12 Best Revenue Growth Stocks to Invest In
12. Palantir Technologies Inc. (NASDAQ:PLTR)
5-Year Revenue Growth: 30.73%
Number of Hedge Fund Holders: 78
Palantir Technologies Inc. (NASDAQ:PLTR) is one of the Best Revenue Growth Stocks to Invest In. The company is set to release its Fiscal Q3 2025 results on November 3, 2025. Wall Street has a mixed opinion on Palantir Technologies Inc. (NASDAQ:PLTR) before the release.
On October 14, Clarke Jeffries from Piper Sandler raised the firm’s price target on Palantir Technologies Inc. (NASDAQ:PLTR) from $182 to $201, while keeping an Overweight rating on the stock. The analyst acknowledged that the company’s valuation is high and does not leave margins for error, particularly with regard to moderating growth.
However, Jeffries highlighted that he sees the company accelerating triple-digit growth in commercial bookings on a year-to-date basis. Moreover, he also likes the company’s market share opportunity of $1 trillion in US defense spending. As a result of these factors, Jeffries does not see any signs of the current momentum halting and believes that the company is yet to reach its peak growth.

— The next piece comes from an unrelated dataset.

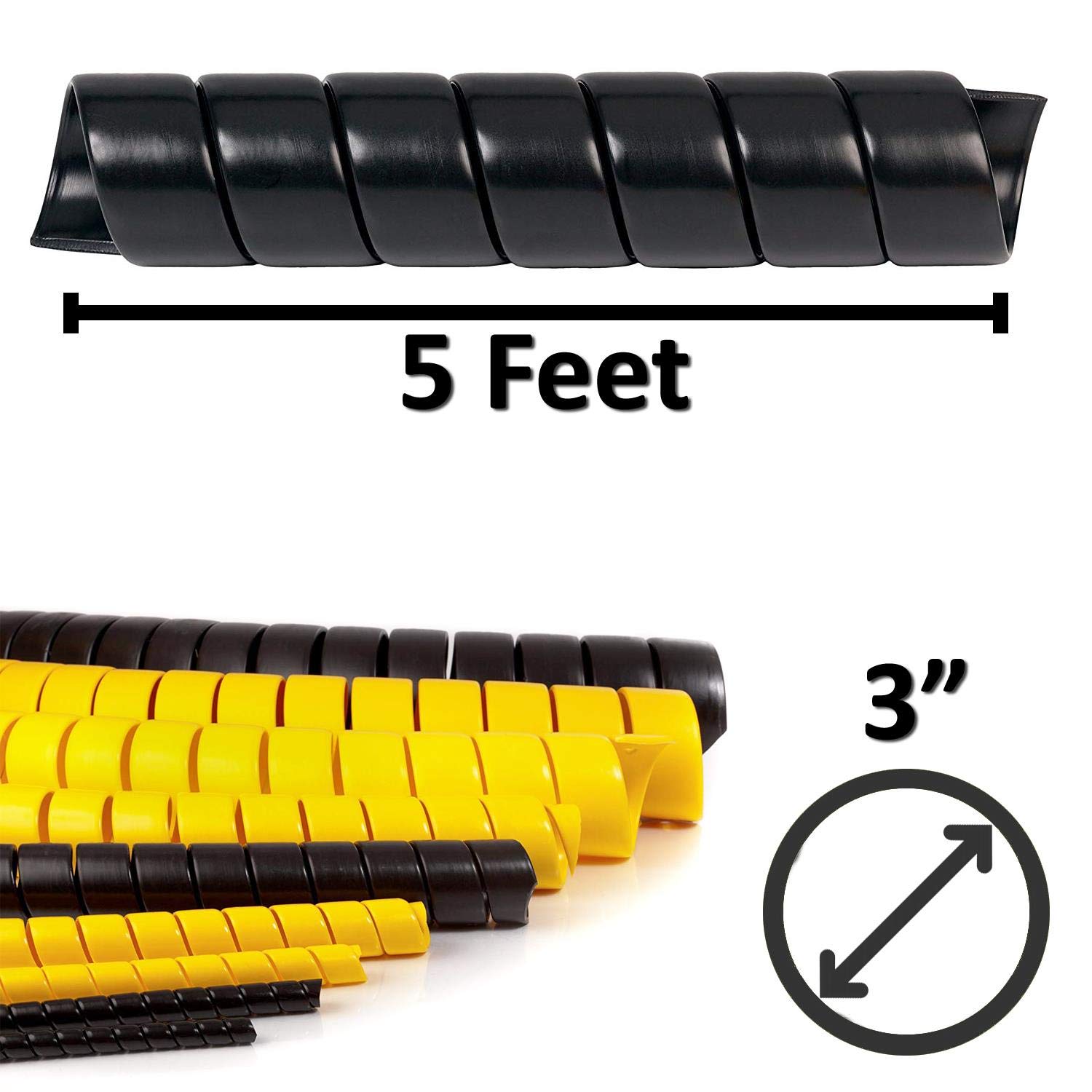 Heavy Duty 3 Inch HDPE Spiral Cable Wrap - Flexible Plastic Wire Sleeve Protector (5ft Black) for Automotive, Home & Office Cable Management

While Piper Sandler is bullish on Palantir Technologies Inc. (NASDAQ:PLTR), earlier on October 7, Gregg Moskowitz from Mizuho Securities lowered the firm’s price target on the stock from $179.53 to $165 and reiterated a Hold rating.
Palantir Technologies Inc. (NASDAQ:PLTR) is a technology company that develops software platforms to assist in counterterrorism investigations and operations. Some of the company’s key platforms include Gotham, Foundry, Apollo, and the Artificial Intelligence Platform.
11. KKR & Co. Inc. (NYSE:KKR)
5-Year Revenue Growth: 74.93%
Number of Hedge Fund Holders: 84
KKR & Co. Inc. (NYSE:KKR) is one of the Best Revenue Growth Stocks to Invest In. On October 10, Christopher Allen from Citi reiterated a Buy rating on KKR & Co. Inc. (NYSE:KKR) while reducing the price target from $170 to $150.
The analyst noted that they cut price targets in the alternative asset management space due to the negative investor sentiment. However, the firm remains optimistic for continued market improvement in the future.
Earlier, on October 7, John Barnidge from Piper Sandler also reduced the price target on the stock from $166 to $155, while keeping a Buy rating. The analyst noted that they see tailwinds for the sector as investment income continues to normalize. He also sees tailwinds for fees benefiting from more trading days, increased fees, and equity market performance. Moreover, the company also sees underwriters benefiting from claim experience, which shows good indications from both the actuarial review period and the future earnings season. As a result, the firm continues to favour underwrites.
KKR & Co. Inc. (NYSE:KKR) is a global investment firm specializing in alternative asset management. The company operates through three main segments, including Asset Management, Insurance, and Strategic Holdings.